Take on a “fail-fast” mentality, and don’t be wasteful with resources. If you can track metrics around your test suite, do so. Static code analysis can help your development teams avoid code quality regressions, and it’s fairly low effort to implement. You’ll probably notice if there are duplicate tests across your different types of tests when you start to consider tests as an ecosystem.

InfoQ: In modern software systems, how does release differ from deploy?

Waterhouse: Deployment is the act of getting code to its destination. It's a technical process and belongs to the technical team. Release is a business-value decision and should be decoupled from deployment. 

A team could deploy hundreds of times before the cumulative value of the changes is enough for the product/business team to trigger a release.

Hofmann: Deployment is about getting code out safely. Releasing is about getting new functionality in front of customers. The difference lies between pushing out a new code path, and actually activating it. 

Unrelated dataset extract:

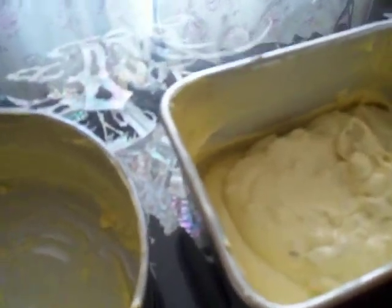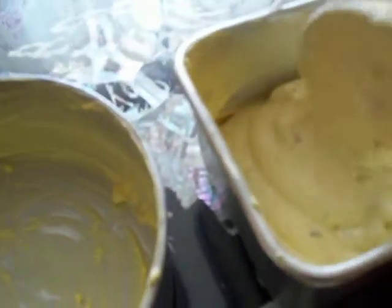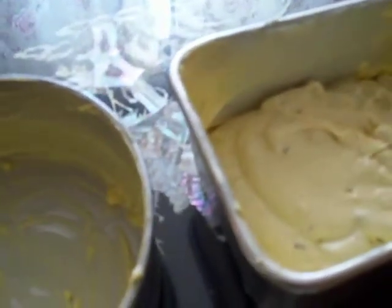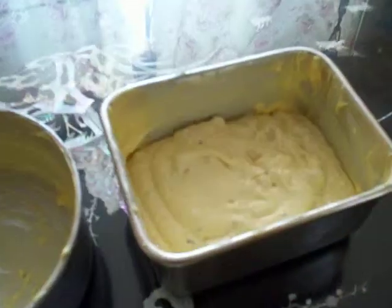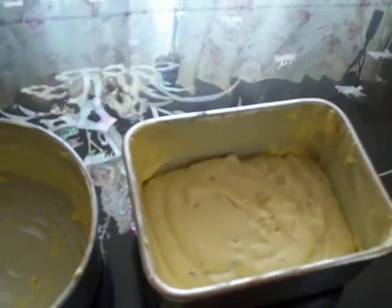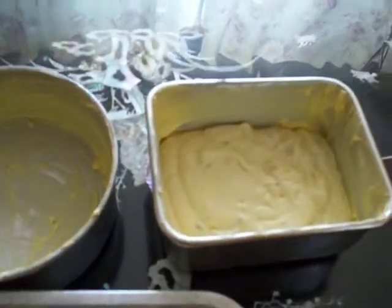For the party it will be very nice. We have many batters — fill halfway only because it will rise. You can fill it like that and then bake it in the oven. We will see the final product after. Okay, bye.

If all code paths you deploy are active from the moment you start serving traffic, then deploying and releasing happen as part of the same process. And, depending on what your needs for a given service are, doing that might be an a-okay way of releasing! Is it in production? Do you care if the service breaks? How quickly can you fix an issue or shift traffic back to an older version? 

Deploy and release can happen at the same time, but they don’t have to. For the times that you do care, feature flags are an essential tool for managing what you want to release, when, and to whom. 

At scale, you could feasibly put every change you make behind its own feature flag and deploy constantly without your customers ever knowing. Doing that is liberating because it allows you to treat your deployment and release strategies as entirely independent problems. Better yet, it allows someone else, say, the product team, to have full agency and control over when to release each of those changes without requiring input from engineering.

InfoQ: What strategies can engineers use to mitigate the risk of release failure?

Waterhouse: Engineers can reduce release risk for releases by paying attention to both risk reduction and harm mitigation. Risk reduction includes testing in production, and engineering for each change to be individually controlled. Harm mitigation includes strategies like canary deployments, limiting blast radius, and enabling kill switches and rapid rollbacks.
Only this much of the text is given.